Exercise objective: A verbatim copy of all the data is required, minus any images.

[Data shown — start]

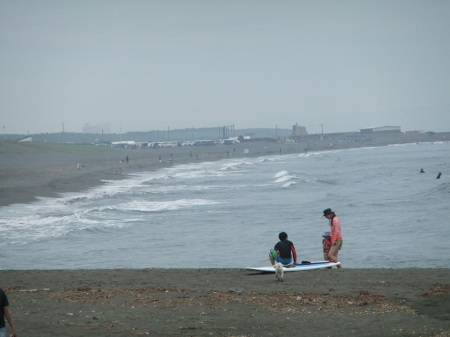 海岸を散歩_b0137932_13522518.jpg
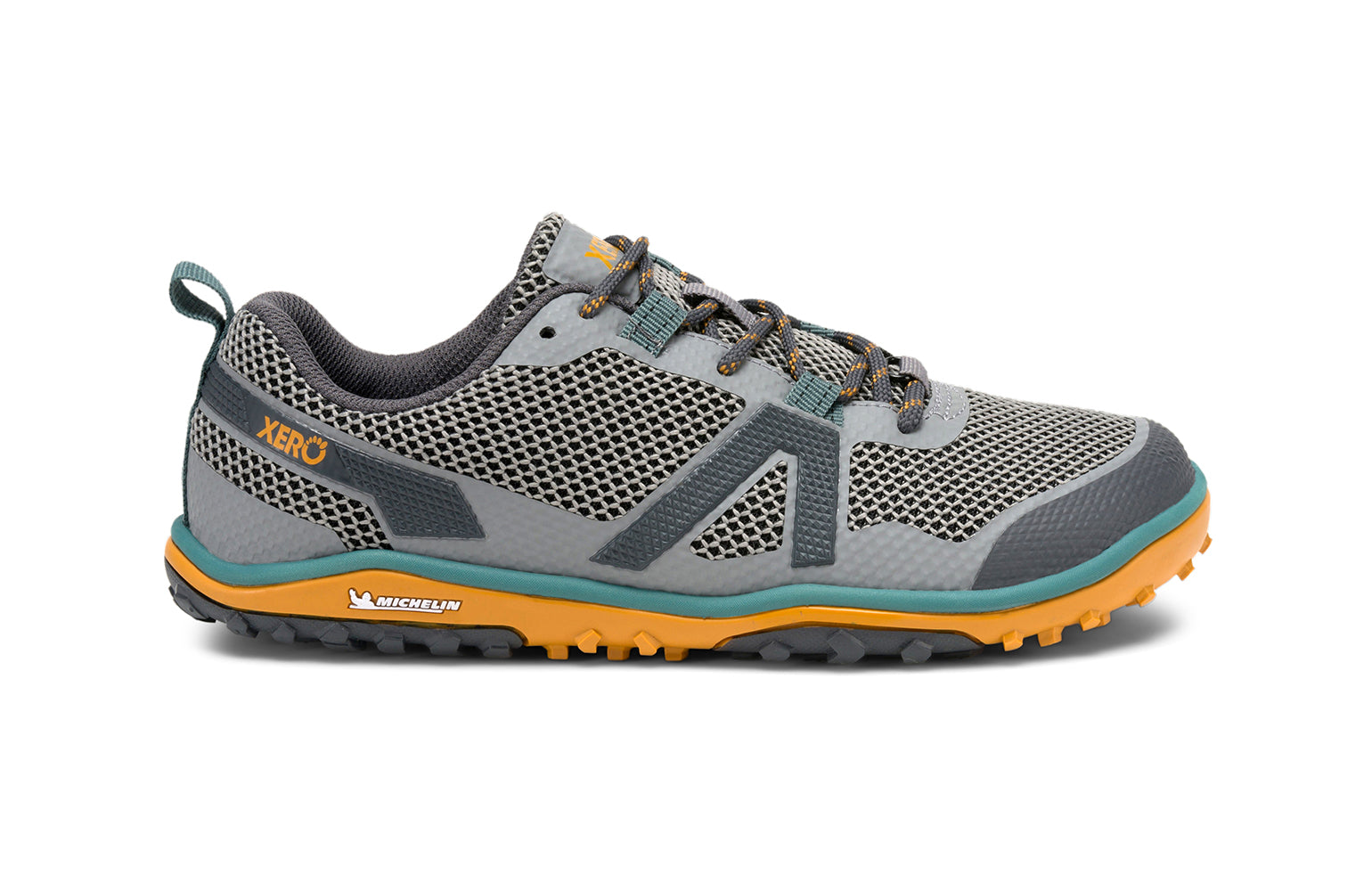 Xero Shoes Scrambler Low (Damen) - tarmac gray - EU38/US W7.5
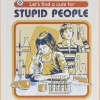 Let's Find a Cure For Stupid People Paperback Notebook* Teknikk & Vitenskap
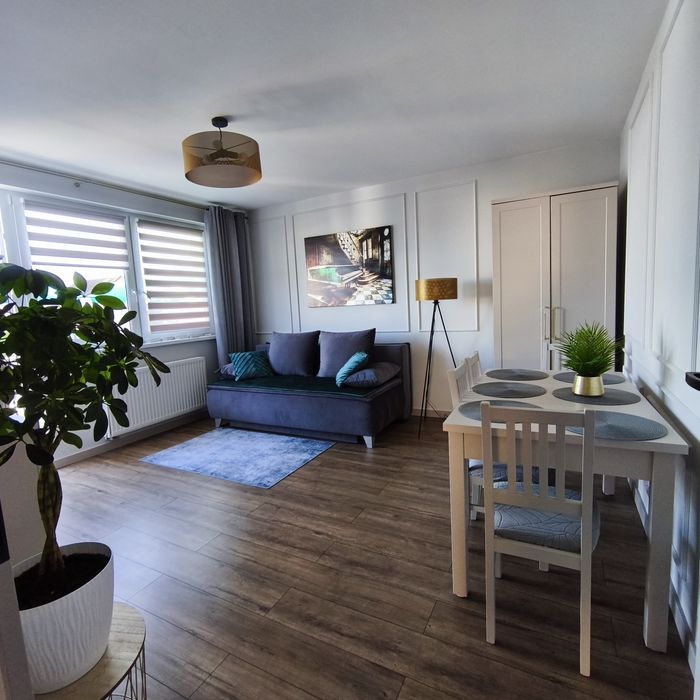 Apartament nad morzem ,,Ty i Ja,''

[Data shown — finish]

Response to the task:
 海岸を散歩_b0137932_13522518.jpg
 Xero Shoes Scrambler Low (Damen) - tarmac gray - EU38/US W7.5
 Let's Find a Cure For Stupid People Paperback Notebook* Teknikk & Vitenskap
 Apartament nad morzem ,,Ty i Ja,''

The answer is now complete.